映画のワンシーンのように…若松監督 拍手でお別れ

[ 2012年10月25日 06:00 ]

出棺の際、拍手で故人を見送る佐野史郎(左端)、井浦新(右端)ら参列者

 12日に都内で交通事故に遭い、17日に多発外傷のため76歳で亡くなった映画監督の若松孝二(わかまつ・こうじ、本名伊藤孝=いとう・たかし)さんの葬儀・告別式が24日、東京都港区の青山葬儀所で営まれた。井浦新(38)、寺島しのぶ(39)ら作品に出演した“若松組”の俳優ら約600人が参列。井浦は「最後の別れになるとは」と涙。寺島は「かけがえのない時間でした」としのんだ。出棺は参列者が拍手で送った。

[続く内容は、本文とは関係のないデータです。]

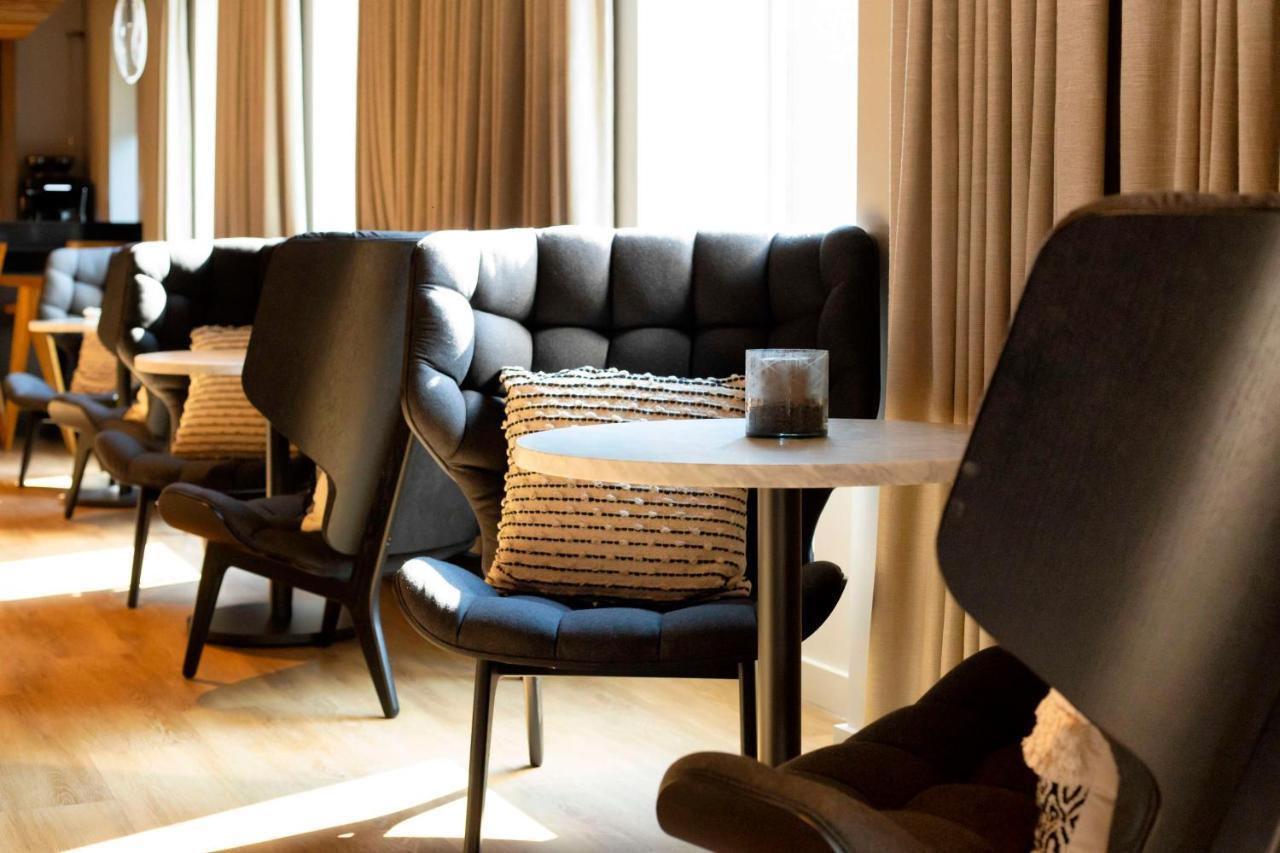 The Lloyd Stamford, Tapestry Collection By Hilton Hotell Exteriör bild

 反骨の映画監督の幕切れは盛大な拍手だった。出棺は遺族の意向で、監督が気に入っていたギリシャの巨匠アンゲロプロス(故人)の映画「旅芸人の記録」のシーンのように、参列者が拍手で送った。若松監督が生前、息子のようにかわいがっていた井浦も、10年公開の映画「キャタピラー」で主演してベルリン国際映画祭で最優秀女優賞を受賞した寺島も懸命に手を叩き続けた。

 弔辞では、井浦がメモなど持たず、監督のトレードマークだったサングラス姿の遺影の前に立ち、約15分も語りかけた。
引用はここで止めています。